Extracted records
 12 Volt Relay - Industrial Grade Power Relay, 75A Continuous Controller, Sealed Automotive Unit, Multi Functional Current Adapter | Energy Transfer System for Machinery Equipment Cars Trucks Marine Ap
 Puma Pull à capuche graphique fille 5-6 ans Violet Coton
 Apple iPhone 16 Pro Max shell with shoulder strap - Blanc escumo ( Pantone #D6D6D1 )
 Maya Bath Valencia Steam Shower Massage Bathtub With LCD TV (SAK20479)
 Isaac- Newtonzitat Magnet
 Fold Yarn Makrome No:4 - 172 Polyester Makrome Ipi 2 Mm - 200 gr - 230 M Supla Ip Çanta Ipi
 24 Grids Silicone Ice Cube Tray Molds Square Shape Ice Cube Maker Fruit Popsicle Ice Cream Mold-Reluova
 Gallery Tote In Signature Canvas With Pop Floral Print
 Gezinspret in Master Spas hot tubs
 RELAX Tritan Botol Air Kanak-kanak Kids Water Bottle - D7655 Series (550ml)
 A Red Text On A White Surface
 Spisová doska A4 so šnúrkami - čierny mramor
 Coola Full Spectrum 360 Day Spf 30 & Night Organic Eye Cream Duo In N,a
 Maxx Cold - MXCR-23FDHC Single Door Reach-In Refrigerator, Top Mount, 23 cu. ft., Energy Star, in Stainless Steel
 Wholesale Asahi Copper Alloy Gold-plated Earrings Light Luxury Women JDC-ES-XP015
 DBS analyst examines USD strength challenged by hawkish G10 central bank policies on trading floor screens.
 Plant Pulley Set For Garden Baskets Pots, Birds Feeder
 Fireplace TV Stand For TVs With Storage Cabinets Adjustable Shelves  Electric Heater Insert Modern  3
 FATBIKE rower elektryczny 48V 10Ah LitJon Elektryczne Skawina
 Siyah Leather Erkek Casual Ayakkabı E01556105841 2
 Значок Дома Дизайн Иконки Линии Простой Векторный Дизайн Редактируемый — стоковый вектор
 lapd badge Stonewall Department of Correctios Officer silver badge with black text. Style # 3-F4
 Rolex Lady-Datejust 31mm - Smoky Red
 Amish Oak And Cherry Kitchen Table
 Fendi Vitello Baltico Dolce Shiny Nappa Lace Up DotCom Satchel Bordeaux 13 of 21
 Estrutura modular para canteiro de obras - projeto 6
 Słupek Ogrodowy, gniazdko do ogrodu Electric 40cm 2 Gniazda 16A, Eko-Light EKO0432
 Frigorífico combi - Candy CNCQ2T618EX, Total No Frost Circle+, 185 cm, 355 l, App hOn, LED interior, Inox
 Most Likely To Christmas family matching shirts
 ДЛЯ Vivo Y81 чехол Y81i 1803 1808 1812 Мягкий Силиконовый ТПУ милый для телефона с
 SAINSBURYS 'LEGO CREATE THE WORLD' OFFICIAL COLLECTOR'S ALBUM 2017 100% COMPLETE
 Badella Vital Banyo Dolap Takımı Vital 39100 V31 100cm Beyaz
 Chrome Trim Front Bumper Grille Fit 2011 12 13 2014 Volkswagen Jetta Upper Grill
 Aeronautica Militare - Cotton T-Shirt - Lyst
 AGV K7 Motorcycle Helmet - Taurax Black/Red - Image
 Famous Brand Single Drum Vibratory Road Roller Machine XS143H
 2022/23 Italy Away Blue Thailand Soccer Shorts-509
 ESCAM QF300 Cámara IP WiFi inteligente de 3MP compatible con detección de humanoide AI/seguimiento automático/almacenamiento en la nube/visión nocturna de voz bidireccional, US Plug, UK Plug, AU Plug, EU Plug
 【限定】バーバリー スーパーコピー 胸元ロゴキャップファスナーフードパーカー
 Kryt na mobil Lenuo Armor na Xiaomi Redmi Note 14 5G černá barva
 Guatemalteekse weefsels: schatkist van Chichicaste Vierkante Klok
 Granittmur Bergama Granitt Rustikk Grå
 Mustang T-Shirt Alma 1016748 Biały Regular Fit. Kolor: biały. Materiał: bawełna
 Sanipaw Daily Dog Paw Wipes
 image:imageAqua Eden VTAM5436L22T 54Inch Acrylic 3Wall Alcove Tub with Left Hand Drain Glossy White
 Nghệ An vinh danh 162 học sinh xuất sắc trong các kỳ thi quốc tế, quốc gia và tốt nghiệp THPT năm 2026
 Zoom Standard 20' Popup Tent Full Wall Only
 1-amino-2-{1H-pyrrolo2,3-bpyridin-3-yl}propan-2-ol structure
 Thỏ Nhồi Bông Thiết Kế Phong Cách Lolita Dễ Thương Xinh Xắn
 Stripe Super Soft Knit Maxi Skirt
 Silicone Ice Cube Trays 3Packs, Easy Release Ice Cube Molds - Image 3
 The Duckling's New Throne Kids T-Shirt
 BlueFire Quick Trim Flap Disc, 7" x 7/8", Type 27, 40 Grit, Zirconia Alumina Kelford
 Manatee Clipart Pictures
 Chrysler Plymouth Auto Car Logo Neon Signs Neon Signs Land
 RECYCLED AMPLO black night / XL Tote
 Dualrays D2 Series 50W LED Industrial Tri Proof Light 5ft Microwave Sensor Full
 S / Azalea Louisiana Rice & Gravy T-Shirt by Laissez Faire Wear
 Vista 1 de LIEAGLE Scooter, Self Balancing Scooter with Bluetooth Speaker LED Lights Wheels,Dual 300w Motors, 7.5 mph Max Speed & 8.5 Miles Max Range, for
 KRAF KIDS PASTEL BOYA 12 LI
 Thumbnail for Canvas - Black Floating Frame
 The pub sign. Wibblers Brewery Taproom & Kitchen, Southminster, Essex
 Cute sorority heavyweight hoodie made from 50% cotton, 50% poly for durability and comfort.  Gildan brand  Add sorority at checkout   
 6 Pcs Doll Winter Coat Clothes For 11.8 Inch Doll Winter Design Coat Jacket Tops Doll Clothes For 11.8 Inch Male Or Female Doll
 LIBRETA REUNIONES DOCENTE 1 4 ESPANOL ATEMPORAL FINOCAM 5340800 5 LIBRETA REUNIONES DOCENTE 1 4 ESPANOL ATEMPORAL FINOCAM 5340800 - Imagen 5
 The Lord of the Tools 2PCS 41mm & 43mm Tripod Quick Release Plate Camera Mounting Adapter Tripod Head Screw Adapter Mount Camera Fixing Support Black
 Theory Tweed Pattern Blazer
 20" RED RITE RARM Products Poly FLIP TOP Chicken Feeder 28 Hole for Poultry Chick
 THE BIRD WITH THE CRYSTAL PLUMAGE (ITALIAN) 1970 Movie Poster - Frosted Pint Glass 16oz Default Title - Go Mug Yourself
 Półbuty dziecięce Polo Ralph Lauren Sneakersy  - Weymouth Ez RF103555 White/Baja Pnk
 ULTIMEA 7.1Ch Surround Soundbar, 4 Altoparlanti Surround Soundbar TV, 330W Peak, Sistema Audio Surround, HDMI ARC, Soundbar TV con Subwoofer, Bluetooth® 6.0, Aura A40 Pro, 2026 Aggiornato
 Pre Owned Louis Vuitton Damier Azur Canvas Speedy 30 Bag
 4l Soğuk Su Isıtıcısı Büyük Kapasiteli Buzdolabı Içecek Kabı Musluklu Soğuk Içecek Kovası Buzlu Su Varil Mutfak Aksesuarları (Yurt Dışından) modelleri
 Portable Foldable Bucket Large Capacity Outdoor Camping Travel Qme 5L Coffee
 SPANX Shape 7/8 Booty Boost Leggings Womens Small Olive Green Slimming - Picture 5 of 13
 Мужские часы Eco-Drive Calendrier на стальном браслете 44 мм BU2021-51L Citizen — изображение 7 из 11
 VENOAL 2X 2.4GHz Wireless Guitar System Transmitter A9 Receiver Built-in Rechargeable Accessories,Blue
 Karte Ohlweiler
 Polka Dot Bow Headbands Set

What you need to do
Would you restate each of the entries word for word?

Response to this exercise
 12 Volt Relay - Industrial Grade Power Relay, 75A Continuous Controller, Sealed Automotive Unit, Multi Functional Current Adapter | Energy Transfer System for Machinery Equipment Cars Trucks Marine Ap
 Puma Pull à capuche graphique fille 5-6 ans Violet Coton
 Apple iPhone 16 Pro Max shell with shoulder strap - Blanc escumo ( Pantone #D6D6D1 )
 Maya Bath Valencia Steam Shower Massage Bathtub With LCD TV (SAK20479)
 Isaac- Newtonzitat Magnet
 Fold Yarn Makrome No:4 - 172 Polyester Makrome Ipi 2 Mm - 200 gr - 230 M Supla Ip Çanta Ipi
 24 Grids Silicone Ice Cube Tray Molds Square Shape Ice Cube Maker Fruit Popsicle Ice Cream Mold-Reluova
 Gallery Tote In Signature Canvas With Pop Floral Print
 Gezinspret in Master Spas hot tubs
 RELAX Tritan Botol Air Kanak-kanak Kids Water Bottle - D7655 Series (550ml)
 A Red Text On A White Surface
 Spisová doska A4 so šnúrkami - čierny mramor
 Coola Full Spectrum 360 Day Spf 30 & Night Organic Eye Cream Duo In N,a
 Maxx Cold - MXCR-23FDHC Single Door Reach-In Refrigerator, Top Mount, 23 cu. ft., Energy Star, in Stainless Steel
 Wholesale Asahi Copper Alloy Gold-plated Earrings Light Luxury Women JDC-ES-XP015
 DBS analyst examines USD strength challenged by hawkish G10 central bank policies on trading floor screens.
 Plant Pulley Set For Garden Baskets Pots, Birds Feeder
 Fireplace TV Stand For TVs With Storage Cabinets Adjustable Shelves  Electric Heater Insert Modern  3
 FATBIKE rower elektryczny 48V 10Ah LitJon Elektryczne Skawina
 Siyah Leather Erkek Casual Ayakkabı E01556105841 2
 Значок Дома Дизайн Иконки Линии Простой Векторный Дизайн Редактируемый — стоковый вектор
 lapd badge Stonewall Department of Correctios Officer silver badge with black text. Style # 3-F4
 Rolex Lady-Datejust 31mm - Smoky Red
 Amish Oak And Cherry Kitchen Table
 Fendi Vitello Baltico Dolce Shiny Nappa Lace Up DotCom Satchel Bordeaux 13 of 21
 Estrutura modular para canteiro de obras - projeto 6
 Słupek Ogrodowy, gniazdko do ogrodu Electric 40cm 2 Gniazda 16A, Eko-Light EKO0432
 Frigorífico combi - Candy CNCQ2T618EX, Total No Frost Circle+, 185 cm, 355 l, App hOn, LED interior, Inox
 Most Likely To Christmas family matching shirts
 ДЛЯ Vivo Y81 чехол Y81i 1803 1808 1812 Мягкий Силиконовый ТПУ милый для телефона с
 SAINSBURYS 'LEGO CREATE THE WORLD' OFFICIAL COLLECTOR'S ALBUM 2017 100% COMPLETE
 Badella Vital Banyo Dolap Takımı Vital 39100 V31 100cm Beyaz
 Chrome Trim Front Bumper Grille Fit 2011 12 13 2014 Volkswagen Jetta Upper Grill
 Aeronautica Militare - Cotton T-Shirt - Lyst
 AGV K7 Motorcycle Helmet - Taurax Black/Red - Image
 Famous Brand Single Drum Vibratory Road Roller Machine XS143H
 2022/23 Italy Away Blue Thailand Soccer Shorts-509
 ESCAM QF300 Cámara IP WiFi inteligente de 3MP compatible con detección de humanoide AI/seguimiento automático/almacenamiento en la nube/visión nocturna de voz bidireccional, US Plug, UK Plug, AU Plug, EU Plug
 【限定】バーバリー スーパーコピー 胸元ロゴキャップファスナーフードパーカー
 Kryt na mobil Lenuo Armor na Xiaomi Redmi Note 14 5G černá barva
 Guatemalteekse weefsels: schatkist van Chichicaste Vierkante Klok
 Granittmur Bergama Granitt Rustikk Grå
 Mustang T-Shirt Alma 1016748 Biały Regular Fit. Kolor: biały. Materiał: bawełna
 Sanipaw Daily Dog Paw Wipes
 image:imageAqua Eden VTAM5436L22T 54Inch Acrylic 3Wall Alcove Tub with Left Hand Drain Glossy White
 Nghệ An vinh danh 162 học sinh xuất sắc trong các kỳ thi quốc tế, quốc gia và tốt nghiệp THPT năm 2026
 Zoom Standard 20' Popup Tent Full Wall Only
 1-amino-2-{1H-pyrrolo2,3-bpyridin-3-yl}propan-2-ol structure
 Thỏ Nhồi Bông Thiết Kế Phong Cách Lolita Dễ Thương Xinh Xắn
 Stripe Super Soft Knit Maxi Skirt
 Silicone Ice Cube Trays 3Packs, Easy Release Ice Cube Molds - Image 3
 The Duckling's New Throne Kids T-Shirt
 BlueFire Quick Trim Flap Disc, 7" x 7/8", Type 27, 40 Grit, Zirconia Alumina Kelford
 Manatee Clipart Pictures
 Chrysler Plymouth Auto Car Logo Neon Signs Neon Signs Land
 RECYCLED AMPLO black night / XL Tote
 Dualrays D2 Series 50W LED Industrial Tri Proof Light 5ft Microwave Sensor Full
 S / Azalea Louisiana Rice & Gravy T-Shirt by Laissez Faire Wear
 Vista 1 de LIEAGLE Scooter, Self Balancing Scooter with Bluetooth Speaker LED Lights Wheels,Dual 300w Motors, 7.5 mph Max Speed & 8.5 Miles Max Range, for
 KRAF KIDS PASTEL BOYA 12 LI
 Thumbnail for Canvas - Black Floating Frame
 The pub sign. Wibblers Brewery Taproom & Kitchen, Southminster, Essex
 Cute sorority heavyweight hoodie made from 50% cotton, 50% poly for durability and comfort.  Gildan brand  Add sorority at checkout   
 6 Pcs Doll Winter Coat Clothes For 11.8 Inch Doll Winter Design Coat Jacket Tops Doll Clothes For 11.8 Inch Male Or Female Doll
 LIBRETA REUNIONES DOCENTE 1 4 ESPANOL ATEMPORAL FINOCAM 5340800 5 LIBRETA REUNIONES DOCENTE 1 4 ESPANOL ATEMPORAL FINOCAM 5340800 - Imagen 5
 The Lord of the Tools 2PCS 41mm & 43mm Tripod Quick Release Plate Camera Mounting Adapter Tripod Head Screw Adapter Mount Camera Fixing Support Black
 Theory Tweed Pattern Blazer
 20" RED RITE RARM Products Poly FLIP TOP Chicken Feeder 28 Hole for Poultry Chick
 THE BIRD WITH THE CRYSTAL PLUMAGE (ITALIAN) 1970 Movie Poster - Frosted Pint Glass 16oz Default Title - Go Mug Yourself
 Półbuty dziecięce Polo Ralph Lauren Sneakersy  - Weymouth Ez RF103555 White/Baja Pnk
 ULTIMEA 7.1Ch Surround Soundbar, 4 Altoparlanti Surround Soundbar TV, 330W Peak, Sistema Audio Surround, HDMI ARC, Soundbar TV con Subwoofer, Bluetooth® 6.0, Aura A40 Pro, 2026 Aggiornato
 Pre Owned Louis Vuitton Damier Azur Canvas Speedy 30 Bag
 4l Soğuk Su Isıtıcısı Büyük Kapasiteli Buzdolabı Içecek Kabı Musluklu Soğuk Içecek Kovası Buzlu Su Varil Mutfak Aksesuarları (Yurt Dışından) modelleri
 Portable Foldable Bucket Large Capacity Outdoor Camping Travel Qme 5L Coffee
 SPANX Shape 7/8 Booty Boost Leggings Womens Small Olive Green Slimming - Picture 5 of 13
 Мужские часы Eco-Drive Calendrier на стальном браслете 44 мм BU2021-51L Citizen — изображение 7 из 11
 VENOAL 2X 2.4GHz Wireless Guitar System Transmitter A9 Receiver Built-in Rechargeable Accessories,Blue
 Karte Ohlweiler
 Polka Dot Bow Headbands Set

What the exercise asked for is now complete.